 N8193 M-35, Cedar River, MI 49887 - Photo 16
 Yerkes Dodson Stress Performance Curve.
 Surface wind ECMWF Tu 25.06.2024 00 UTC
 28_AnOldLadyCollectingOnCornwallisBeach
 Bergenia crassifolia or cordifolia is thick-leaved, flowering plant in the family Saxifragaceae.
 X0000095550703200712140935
==
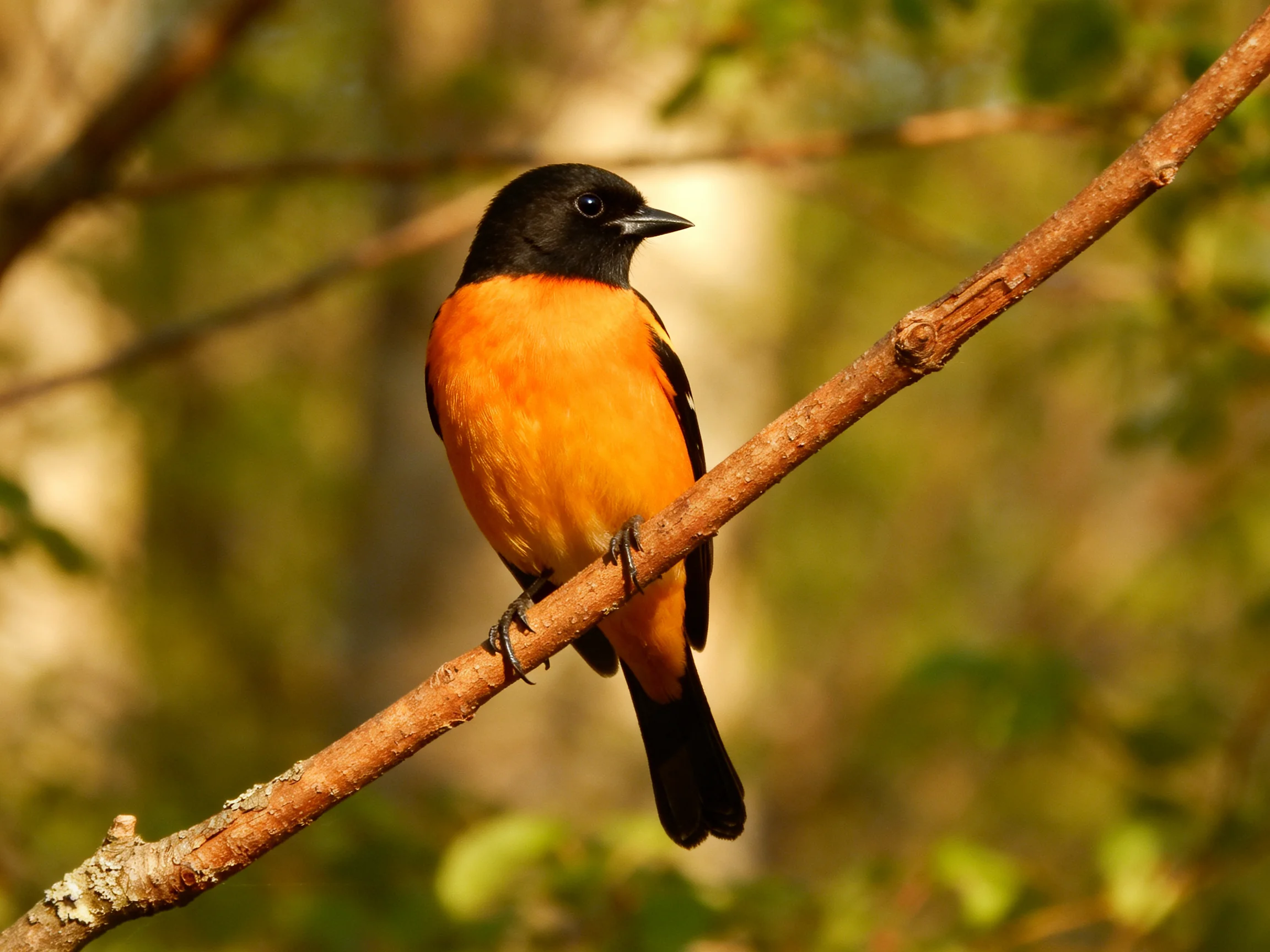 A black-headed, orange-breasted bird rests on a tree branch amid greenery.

> _Exercise_
Everything above from the line containing "N8193 M-35, Cedar River, MI 49887 - Photo 16" down to the line containing "28_AnOldLadyCollectingOnCornwallisBeach" is to be transcribed exactly, with both of those lines included and nothing else added.

> _Output of the exercise_
 N8193 M-35, Cedar River, MI 49887 - Photo 16
 Yerkes Dodson Stress Performance Curve.
 Surface wind ECMWF Tu 25.06.2024 00 UTC
 28_AnOldLadyCollectingOnCornwallisBeach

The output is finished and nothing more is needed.